Honey, darling and sweetie piePublished 9:02am Monday, April 16, 2012
Column: Something About Nothing
“What can I do for you, sweetie?”
“Well, hon, I can take a look at that for you.”
“Darling, I have taken care of that matter.”
“Sweetie pie, is there anything else I can do for you?”
“Honey, you have a nice day.”
You might think all of those sentences were spoken to a man or a woman who is having a conversation with a loved one. It seems to be a conversation where one person is very well known by the other person, perhaps even loved. You would be mistaken.
Recently I read about a problem cell phone users were having with charges being added monthly to their cell phone bill that they did not authorize. Many people did not notice the extra charges because they don’t check their cell phone bill. Apparently this problem was now my problem.

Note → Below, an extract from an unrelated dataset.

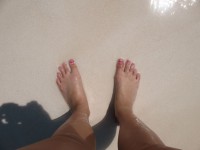 Dedos de los pies en la arena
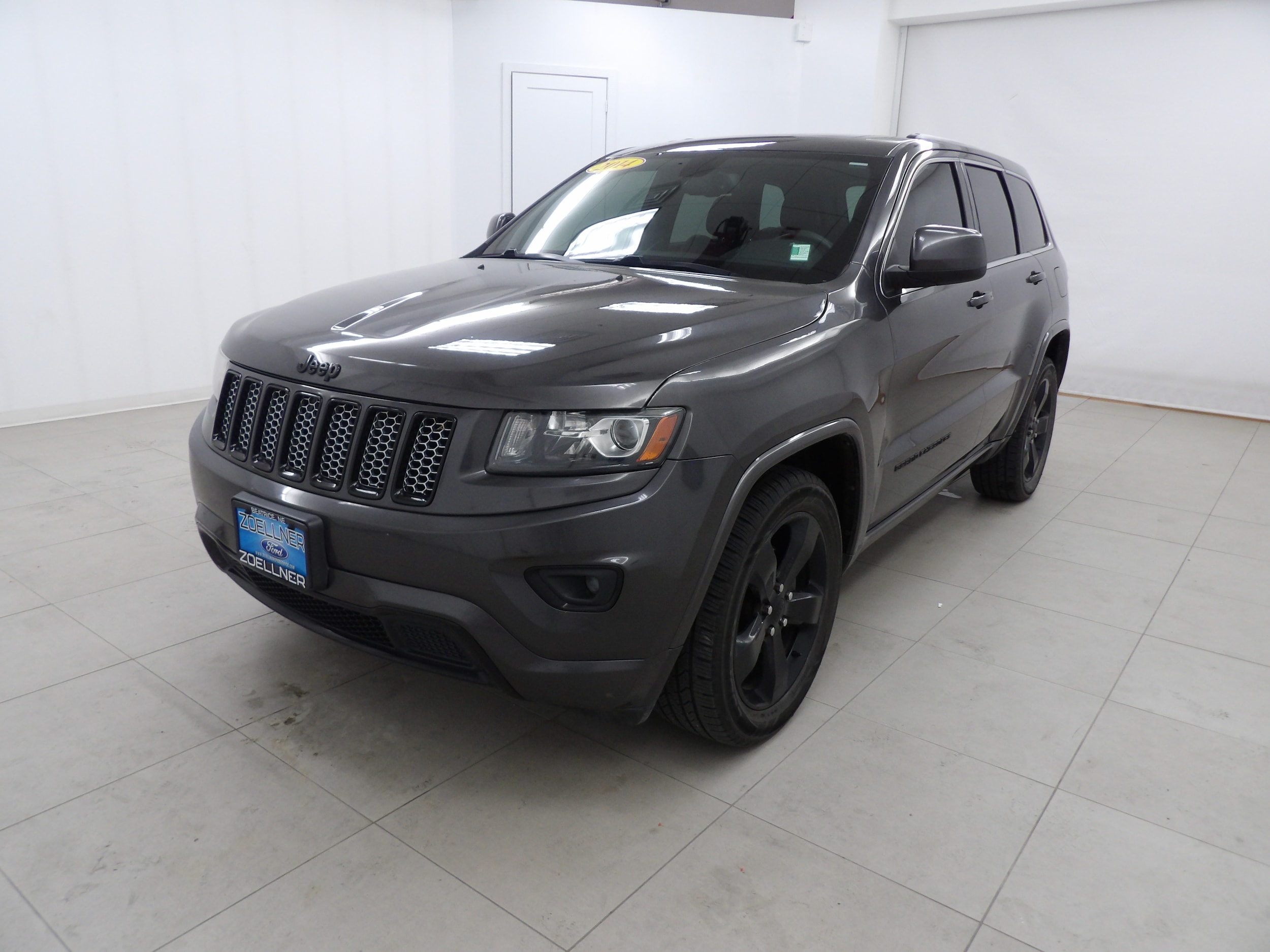 Used 2014 Jeep Grand Cherokee Altitude with VIN 1C4RJFAGXEC547219 for sale in Beatrice, NE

One day last week I received a text telling me I was going to be charged monthly for this service that I did not authorize and did not recognize what it even was. It was tricky. The article I read informed people that answering the text with the stop message did not stop this charge from being added to their bill.

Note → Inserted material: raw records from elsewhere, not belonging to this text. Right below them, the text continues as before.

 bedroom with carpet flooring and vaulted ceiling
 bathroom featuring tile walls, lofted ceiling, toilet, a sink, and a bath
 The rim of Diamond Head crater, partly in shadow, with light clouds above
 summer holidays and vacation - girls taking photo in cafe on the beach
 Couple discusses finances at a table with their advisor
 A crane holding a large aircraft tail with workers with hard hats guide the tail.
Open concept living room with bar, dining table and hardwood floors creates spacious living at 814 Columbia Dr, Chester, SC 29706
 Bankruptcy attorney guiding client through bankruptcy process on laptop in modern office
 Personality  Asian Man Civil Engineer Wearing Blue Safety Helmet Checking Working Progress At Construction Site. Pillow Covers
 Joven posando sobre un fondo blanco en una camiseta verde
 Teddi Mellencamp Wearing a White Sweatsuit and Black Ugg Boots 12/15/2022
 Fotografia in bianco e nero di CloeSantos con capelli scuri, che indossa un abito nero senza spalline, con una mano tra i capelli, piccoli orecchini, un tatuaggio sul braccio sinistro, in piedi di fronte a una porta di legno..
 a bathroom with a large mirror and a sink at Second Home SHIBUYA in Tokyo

I immediately called my cell phone carrier. The conversation that I relayed to you in the first paragraph was the conversation I had with the representative of the cell phone company.
The representative lived in Alabama. The representative was a woman and she was very nice but her sentences were littered with the honeys, sweethearts, darlings, etc. I was not offended, but many people would be.

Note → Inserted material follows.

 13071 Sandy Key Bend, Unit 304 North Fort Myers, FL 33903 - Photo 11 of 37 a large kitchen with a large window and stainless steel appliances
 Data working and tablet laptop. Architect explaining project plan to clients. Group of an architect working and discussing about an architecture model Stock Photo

I laughed about it as I was speaking to her, but by the time I got off the phone it was a little grating to be called an endearment in almost every sentence.
I could tell this woman was not being offensive or condescending. I had the feeling that she was a friendly, exuberant woman who used these endearments on a regular basis no matter who she was talking to. It was a part of her character. So why was I questioning her conversation with me.
Her terms of “endearment” certainly were better than curse words that could have spouted out of her mouth in which case I definitely would have been offended and irate.
Did I want a more professional generic response such as we usually get from customer service people? You know the type. The customer service rep that reads a response written for them on a corporate page and do not deviate from it no matter if it doesn’t answer your question. That response gets an irate response from me too.
Perhaps the problem I had with this sugary customer service response was that I was not used to sugary. The only people that usually use the terms of endearment that Ms. Customer Service used are those close to me. So should I be offended? I have mixed feelings about that. There are more serious things in this world to be upset about than someone calling me endearing names.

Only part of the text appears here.